January 10, 2007

3 Min Read

Writing the next farm bill may have just gotten a little more difficult. A few months ago, Rep. Collin Peterson, D-Minn., announced he was introducing legislation to extend the 2002 farm law for one to two years, depending on progress in the World Trade Organization Doha negotiations.

The proposal by Peterson, who has since become chairman of the House Agriculture Committee, made sense, particularly to cotton and rice producers who have come to see the current law as the best thing next to dollar cotton or $5 rice.

But any chances of keeping the current law for another five years appear to be growing slim.

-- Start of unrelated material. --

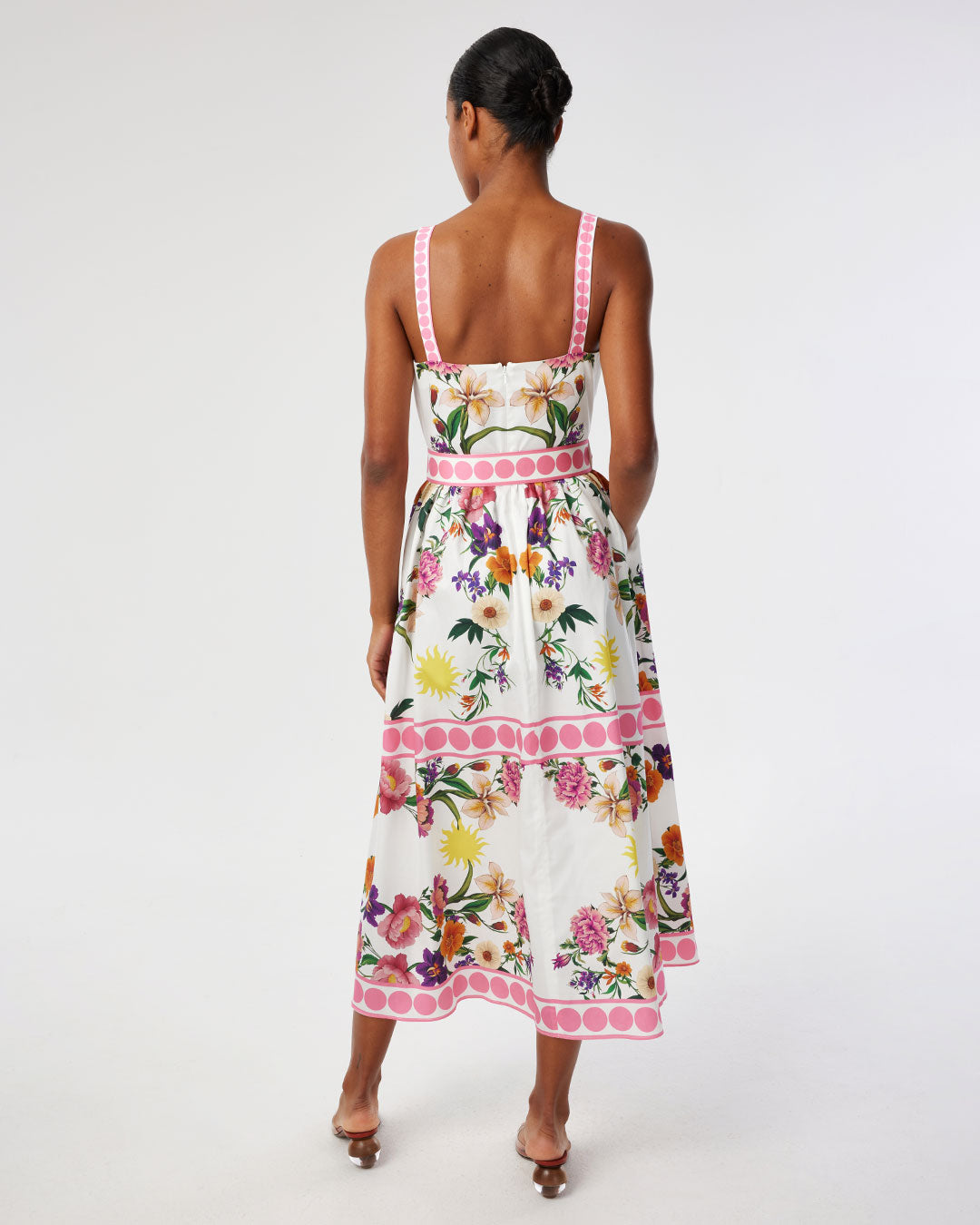 Ninet Cotton Midi Dress - Botanica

First off, grain producers, unhappy because they have mostly been shut out of the 2002 farm bill's counter-cyclical program payments, have begun promoting a new farm bill concept.

The proposal, written by the National Corn Growers Association's Public Policy Action Team, maintains fixed, direct payments but also creates a new program called base revenue protection and replaces the counter-cyclical payment and non-recourse loan programs with a revenue counter-cyclical program and a recourse loan.

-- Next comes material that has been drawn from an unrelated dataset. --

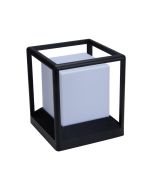 CUBED SHAPED PILLAR MOUNT IP65 E27 BLACK 10993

How anyone who could book corn for delivery next fall at $3.50 per bushel or higher could be unhappy is difficult to imagine, but the corn growers say the marketing loan and counter-cyclical payments don't help much when you don't have a crop, and they think a crop-insurance-like program would protect against such losses.

When Georgia's Saxby Chambliss was chairman of the Senate Committee on Agriculture, Nutrition and Forestry, cotton and rice producers might have shrugged off such ideas. But with Tom Harkin of Iowa, the nation's leading corn-based ethanol-producing state, chairing the committee, a revenue assurance bill may get a real hearing.

The situation became a little more complicated right before Christmas when the American Cotton Shippers Association announced it would seek “legislative and administrative alternatives” to the Commodity Credit Corp. loan program.

U.S. cotton merchants have never been enamored with the CCC loan. The ACSA fought against the 18-month loan for years before finally getting Congress to reduce the term to 10 months. Merchant pressure helped the marketing loan gain traction in the 1985 farm bill after low prices led to 12 million bales becoming stuck in the regular CCC loan.

Once Congress passed legislation allowing growers or merchants to redeem the cotton at world prices, sales increased dramatically. “We sold a season-and-a-half's worth of cotton in 1986,” said ACSA's Neal Gillen. “We sold it all once. It could come out of the CCC loan at the world price.”

Gillen says cotton shippers are looking for another marketing loan-like tool to help them move cotton out of the loan and back into the market. Cotton producers, on the other hand, will be reluctant to give up a tool that has helped boost prices in times of over-production.

With producers and merchants and cotton and corn facing off, what could have been a cakewalk will probably settle into a real debate.